_Exercise requirements_: The response should contain all of the data below, reproduced exactly, and no pictures.

_Data shown_:
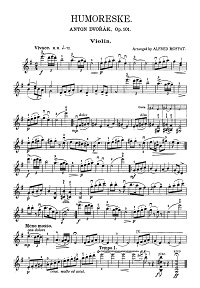 Dvorak - 8 Humoresque, Op.101 - N1, N5, N7 for violin and piano- Instrument part - First page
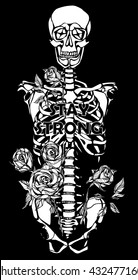 Human skeleton. Creative quote background. Digital illustration
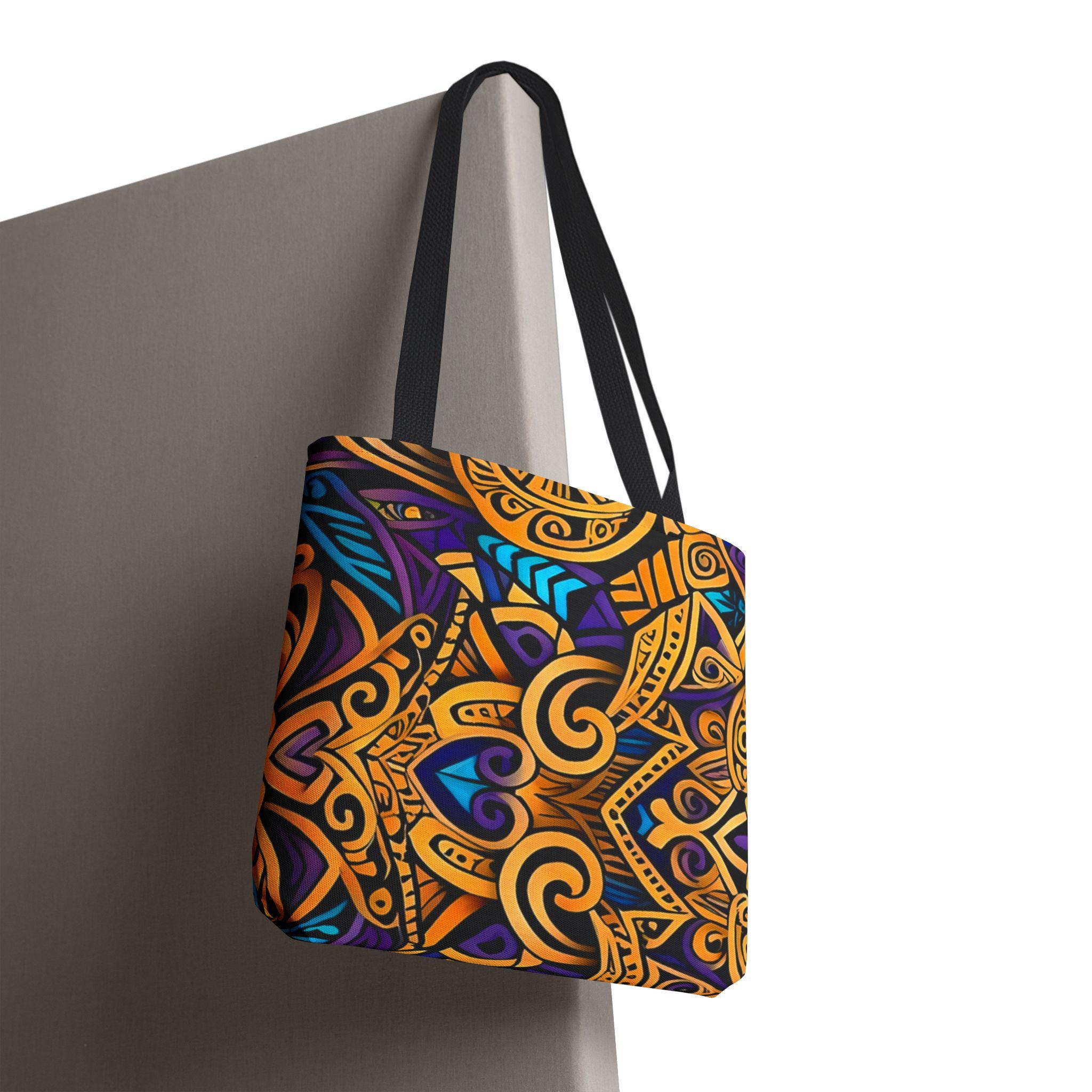 Gold Purple Mandala Tote Bag | Boho Aztec Pattern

_Response to this exercise_:
 Dvorak - 8 Humoresque, Op.101 - N1, N5, N7 for violin and piano- Instrument part - First page
 Human skeleton. Creative quote background. Digital illustration
 Gold Purple Mandala Tote Bag | Boho Aztec Pattern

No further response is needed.